All lines from the one containing "PMCH Antibody" through the last line of the listing below are to be copied exactly. Exclude the pictures.

====== Source material

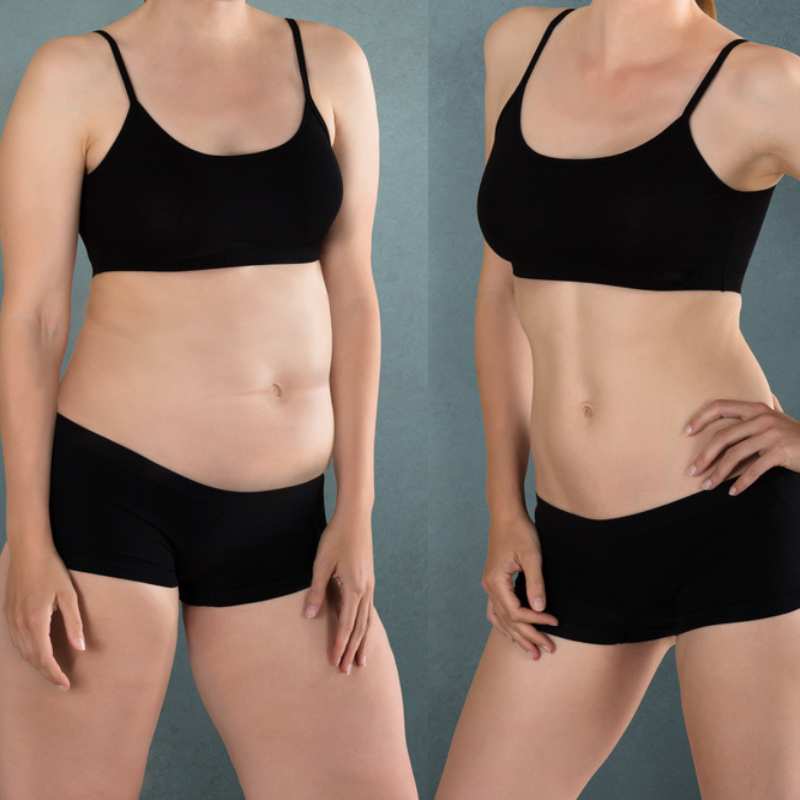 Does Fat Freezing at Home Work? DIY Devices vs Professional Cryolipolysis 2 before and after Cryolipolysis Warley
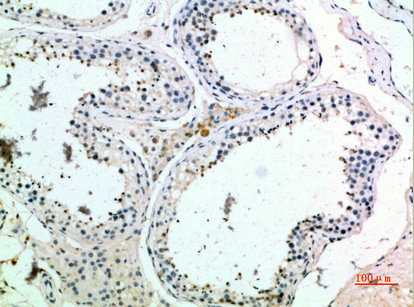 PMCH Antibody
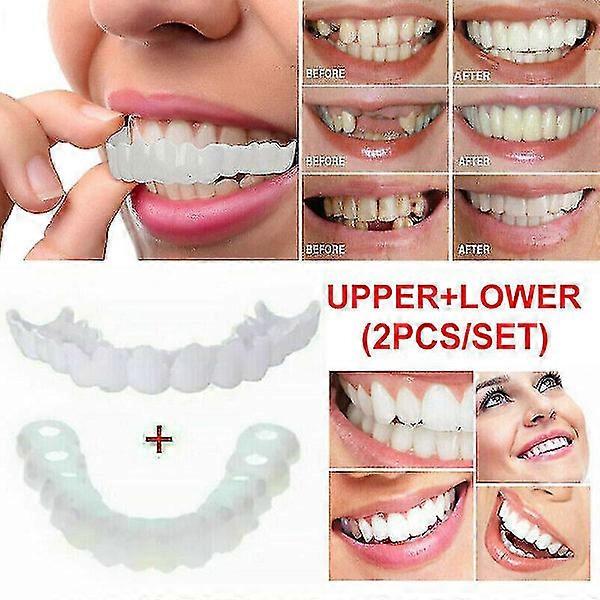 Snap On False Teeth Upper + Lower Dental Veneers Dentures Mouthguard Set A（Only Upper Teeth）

============

Written response:
 PMCH Antibody
 Snap On False Teeth Upper + Lower Dental Veneers Dentures Mouthguard Set A（Only Upper Teeth）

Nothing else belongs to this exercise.